Word for word, transcribe the lines below and drop the pictures.

++++ Supplied data ++++

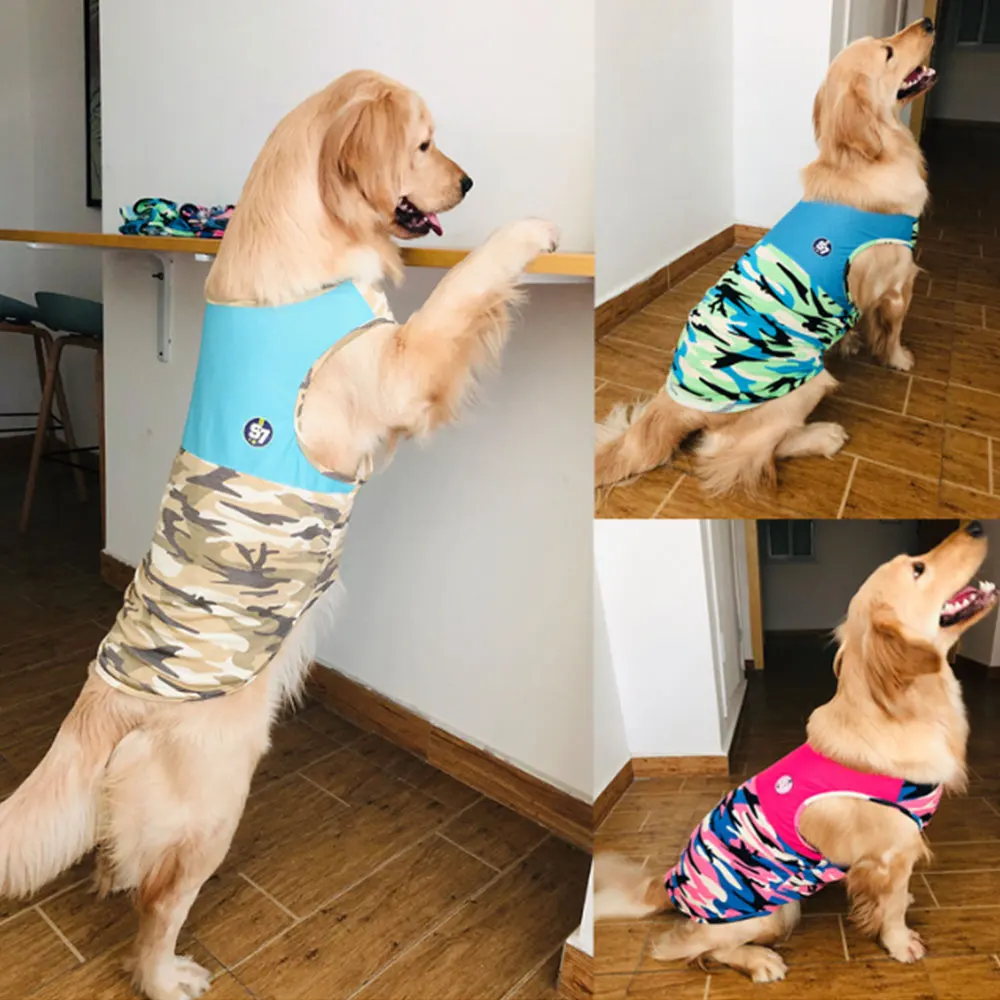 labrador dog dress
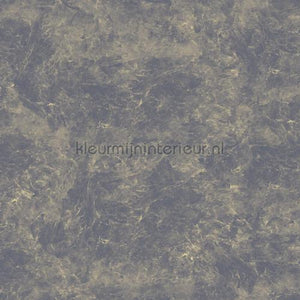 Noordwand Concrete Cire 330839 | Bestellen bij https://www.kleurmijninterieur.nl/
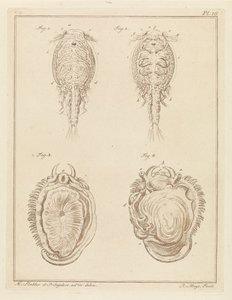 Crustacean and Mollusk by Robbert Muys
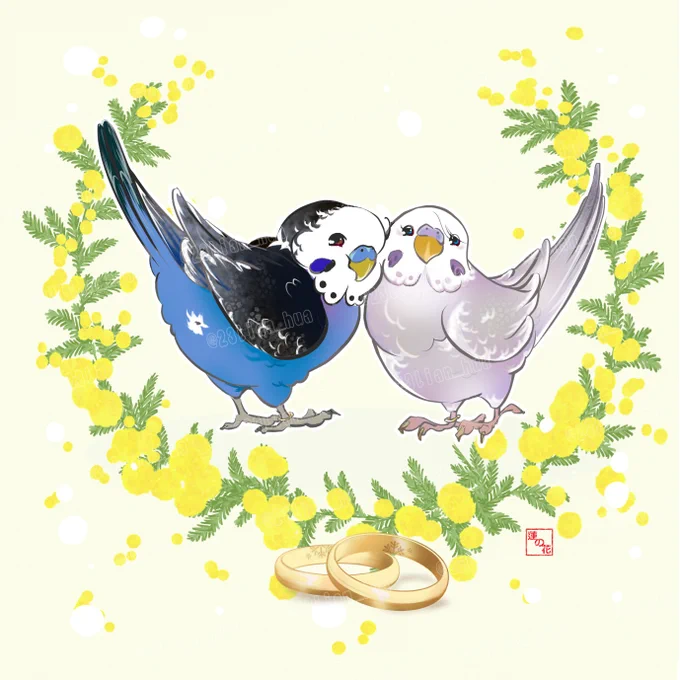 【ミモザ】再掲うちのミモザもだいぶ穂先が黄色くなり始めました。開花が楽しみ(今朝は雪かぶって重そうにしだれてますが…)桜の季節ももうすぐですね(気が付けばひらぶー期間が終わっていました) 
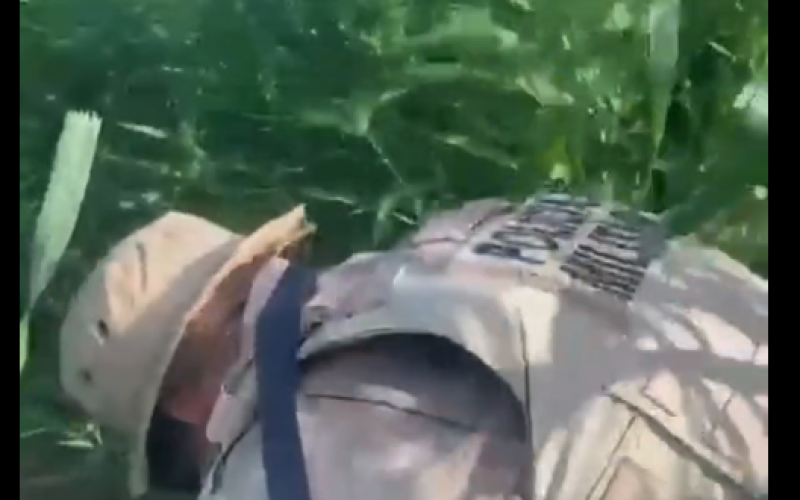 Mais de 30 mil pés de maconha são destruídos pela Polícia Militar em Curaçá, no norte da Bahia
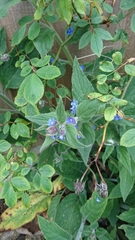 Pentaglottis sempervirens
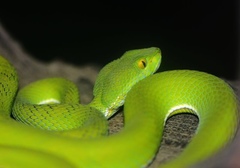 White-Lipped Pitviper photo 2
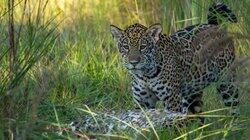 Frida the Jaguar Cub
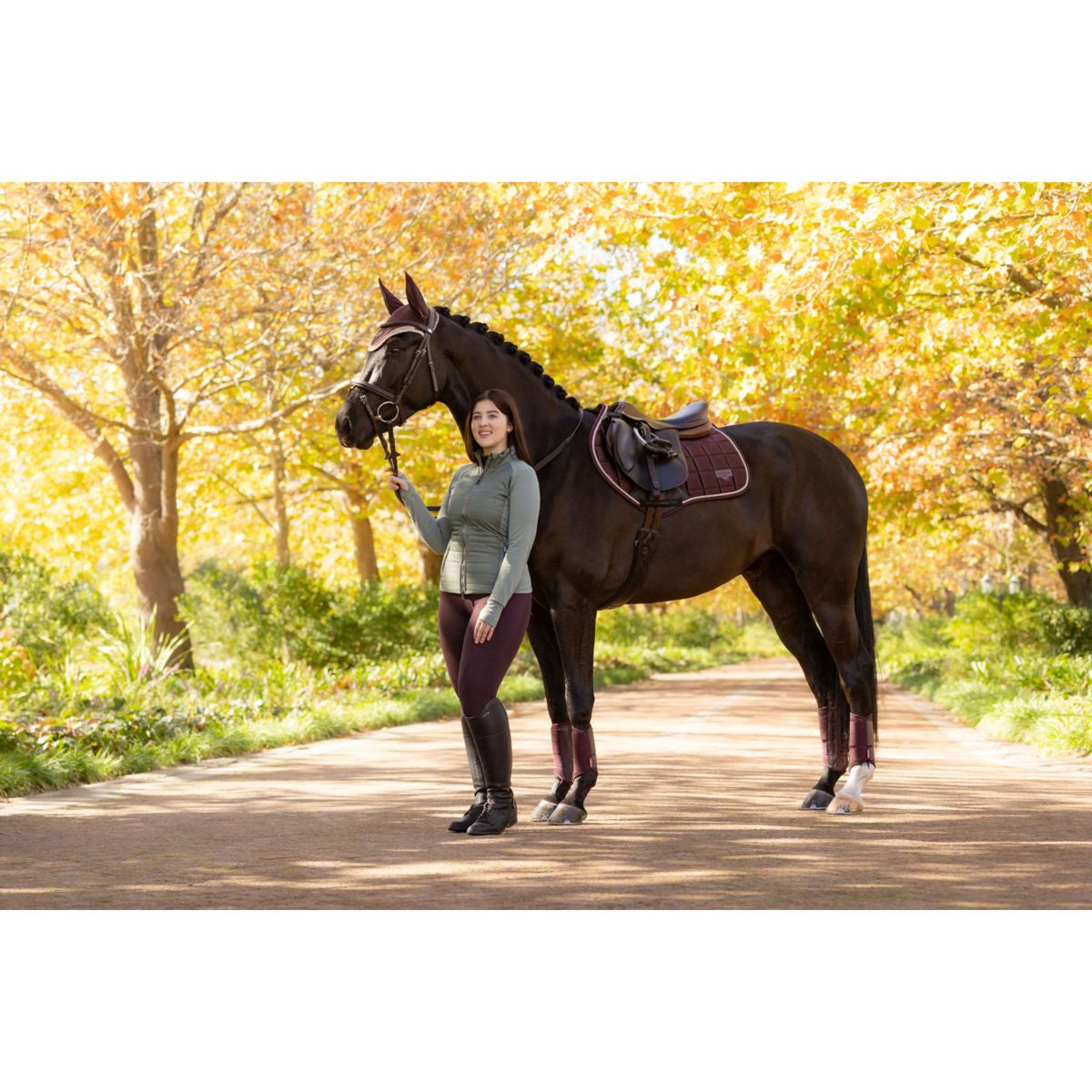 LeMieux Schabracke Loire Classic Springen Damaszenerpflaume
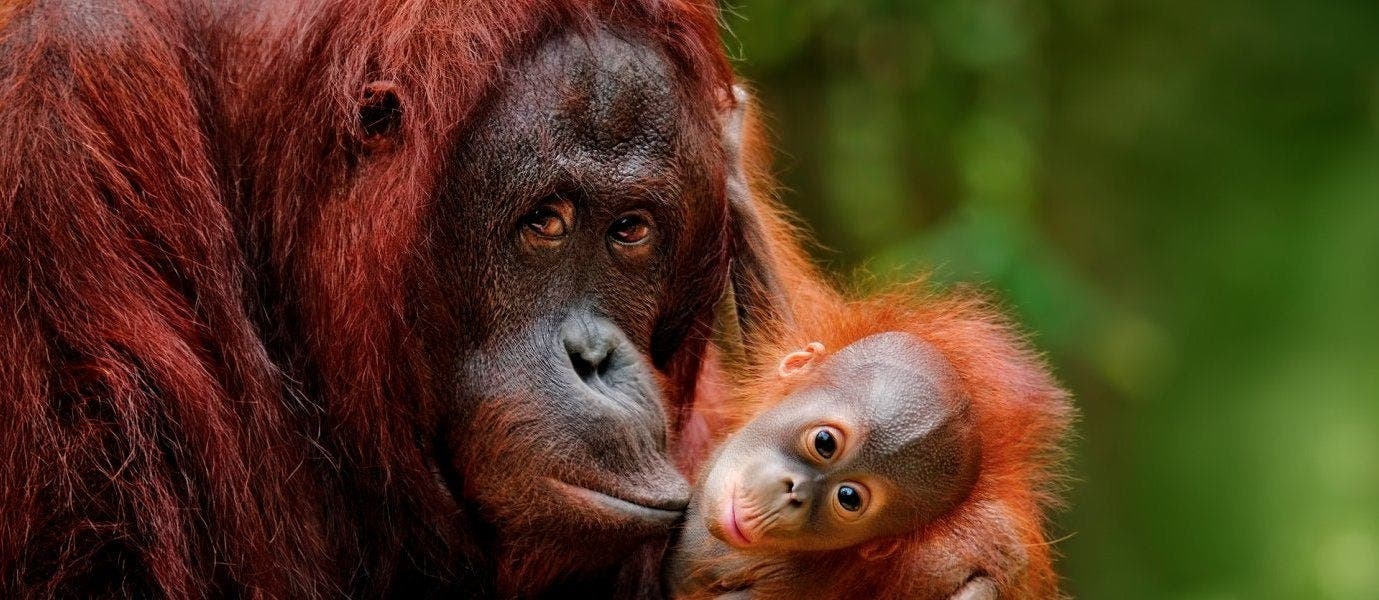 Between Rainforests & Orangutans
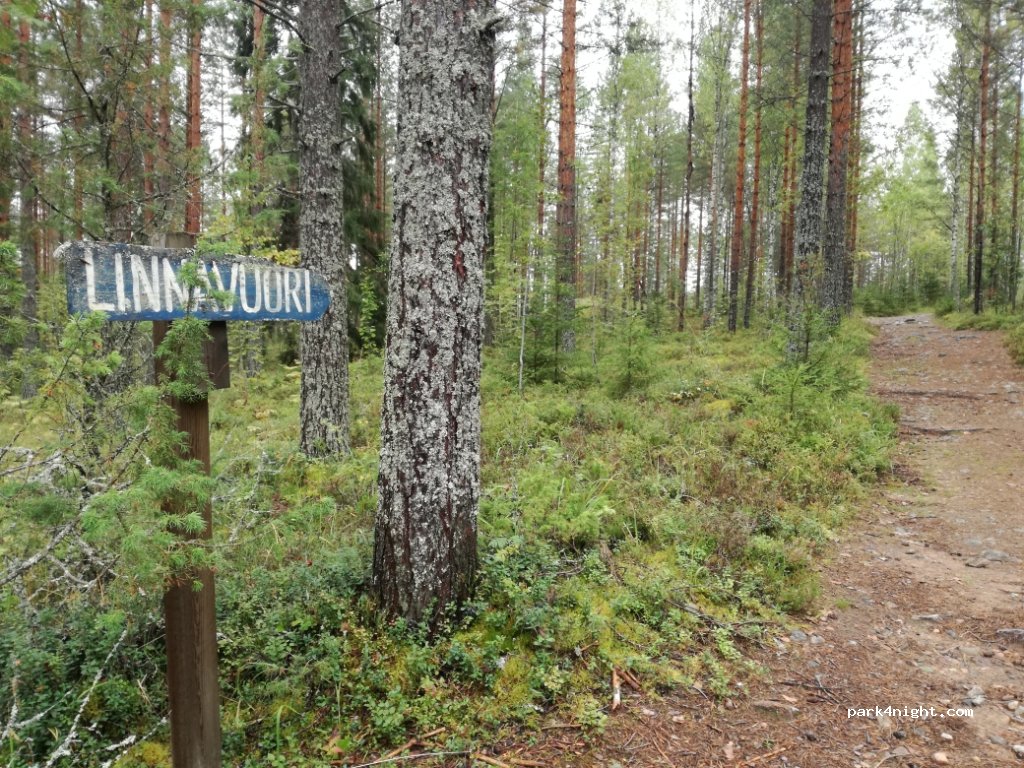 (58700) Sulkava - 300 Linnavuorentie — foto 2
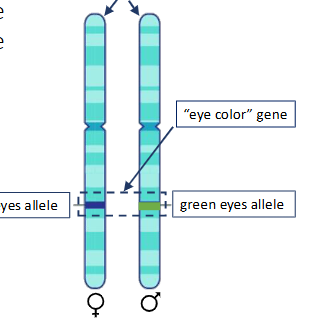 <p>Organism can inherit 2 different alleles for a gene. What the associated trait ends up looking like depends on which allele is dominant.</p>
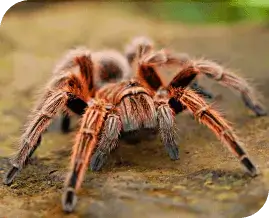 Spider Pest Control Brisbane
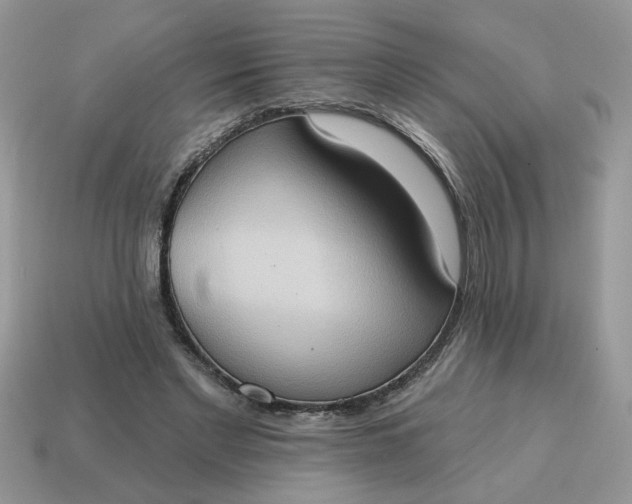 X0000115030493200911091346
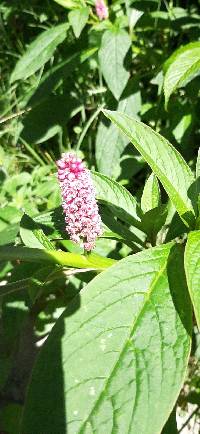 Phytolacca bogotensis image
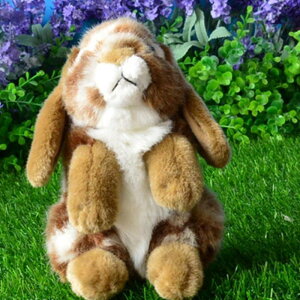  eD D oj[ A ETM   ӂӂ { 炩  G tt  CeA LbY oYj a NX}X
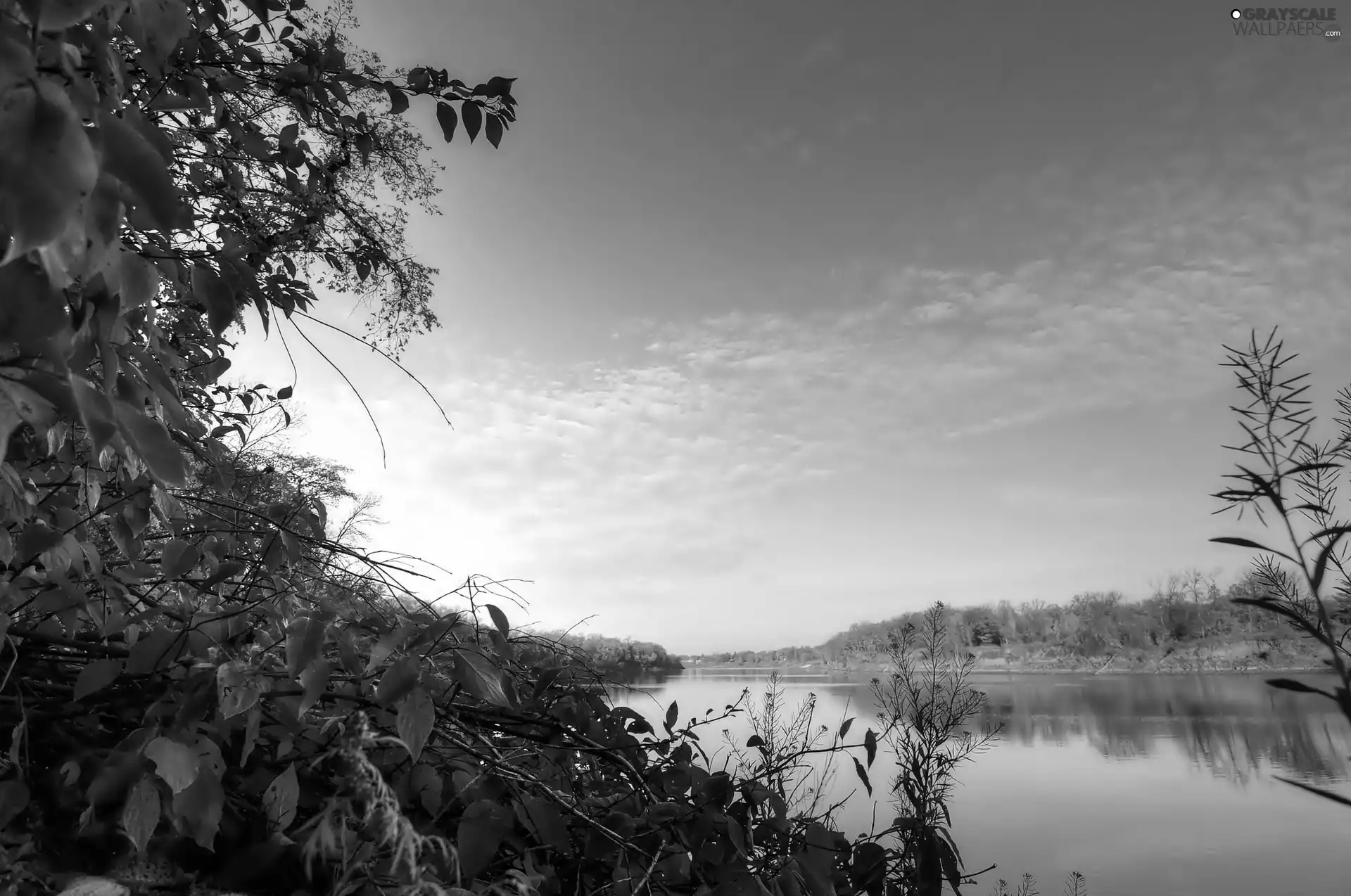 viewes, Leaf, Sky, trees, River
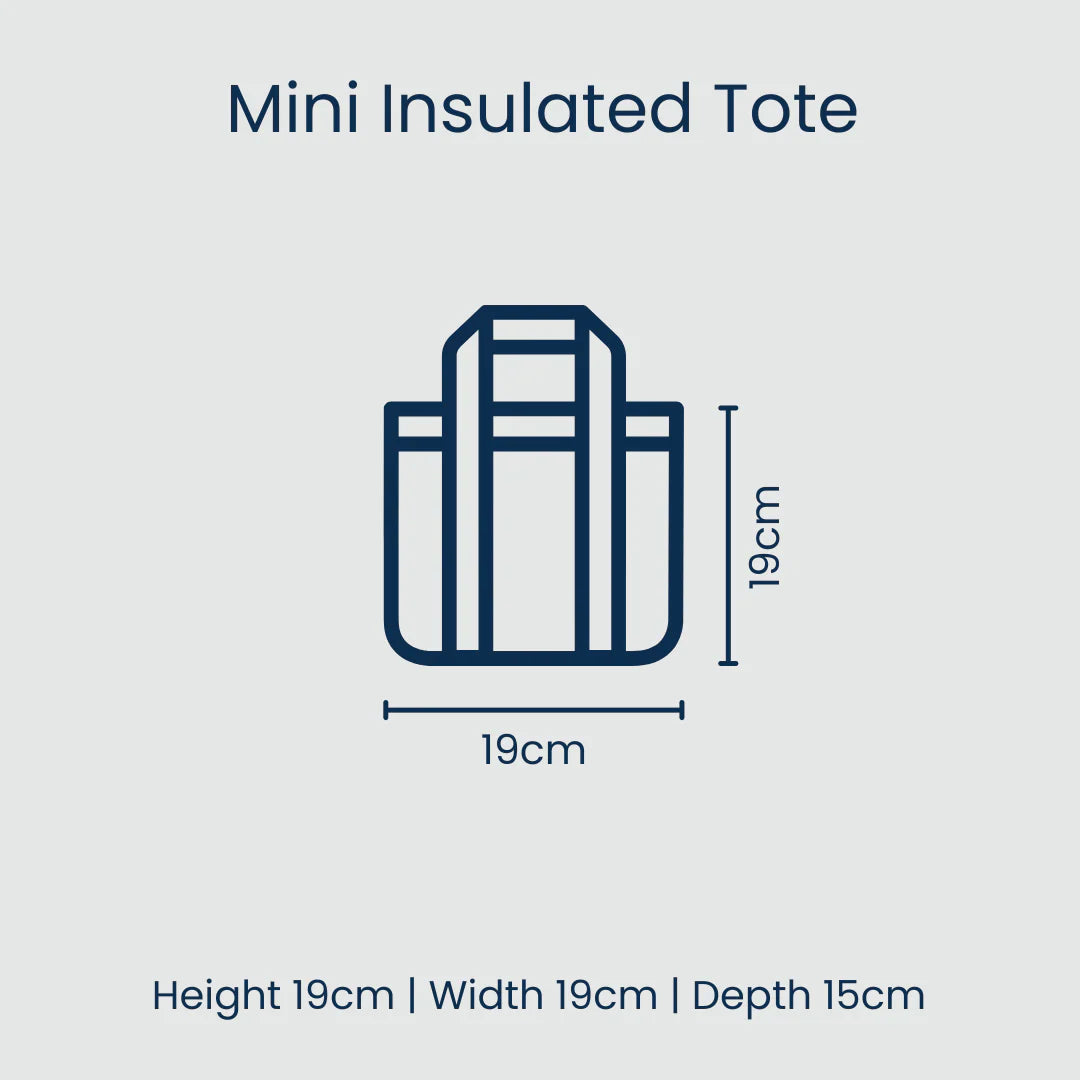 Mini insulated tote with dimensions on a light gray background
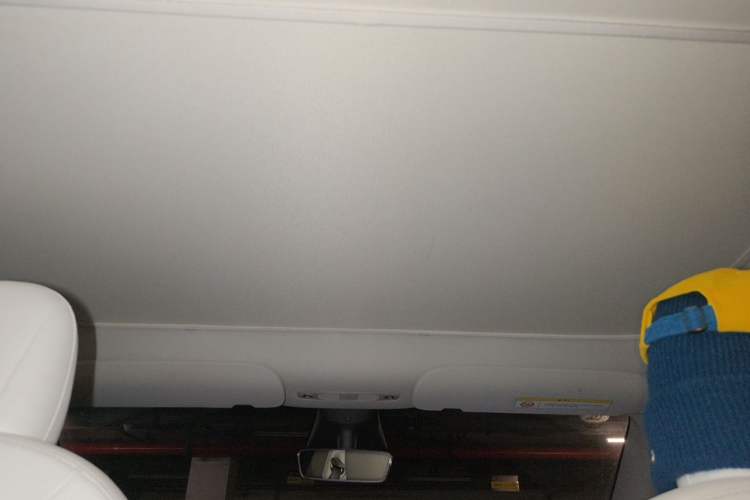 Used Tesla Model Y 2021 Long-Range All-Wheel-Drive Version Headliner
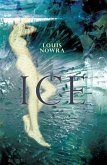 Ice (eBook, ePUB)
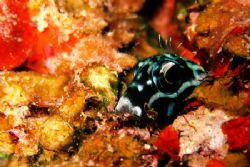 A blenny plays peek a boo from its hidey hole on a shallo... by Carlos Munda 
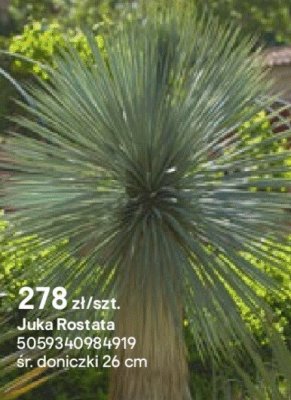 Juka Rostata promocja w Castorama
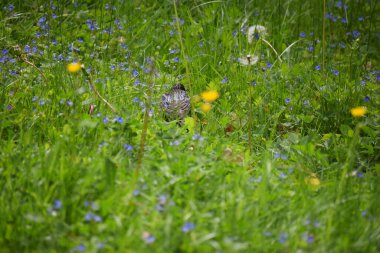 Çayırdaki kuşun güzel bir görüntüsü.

++++

**Response area**
 labrador dog dress
 Noordwand Concrete Cire 330839 | Bestellen bij https://www.kleurmijninterieur.nl/
 Crustacean and Mollusk by Robbert Muys
 【ミモザ】再掲うちのミモザもだいぶ穂先が黄色くなり始めました。開花が楽しみ(今朝は雪かぶって重そうにしだれてますが…)桜の季節ももうすぐですね(気が付けばひらぶー期間が終わっていました) 
 Mais de 30 mil pés de maconha são destruídos pela Polícia Militar em Curaçá, no norte da Bahia
 Pentaglottis sempervirens
 White-Lipped Pitviper photo 2
 Frida the Jaguar Cub
 LeMieux Schabracke Loire Classic Springen Damaszenerpflaume
 Between Rainforests & Orangutans
 (58700) Sulkava - 300 Linnavuorentie — foto 2
 <p>Organism can inherit 2 different alleles for a gene. What the associated trait ends up looking like depends on which allele is dominant.</p>
 Spider Pest Control Brisbane
 X0000115030493200911091346
 Phytolacca bogotensis image
  eD D oj[ A ETM   ӂӂ { 炩  G tt  CeA LbY oYj a NX}X
 viewes, Leaf, Sky, trees, River
 Mini insulated tote with dimensions on a light gray background
 Used Tesla Model Y 2021 Long-Range All-Wheel-Drive Version Headliner
 Ice (eBook, ePUB)
 A blenny plays peek a boo from its hidey hole on a shallo... by Carlos Munda 
 Juka Rostata promocja w Castorama
 Çayırdaki kuşun güzel bir görüntüsü.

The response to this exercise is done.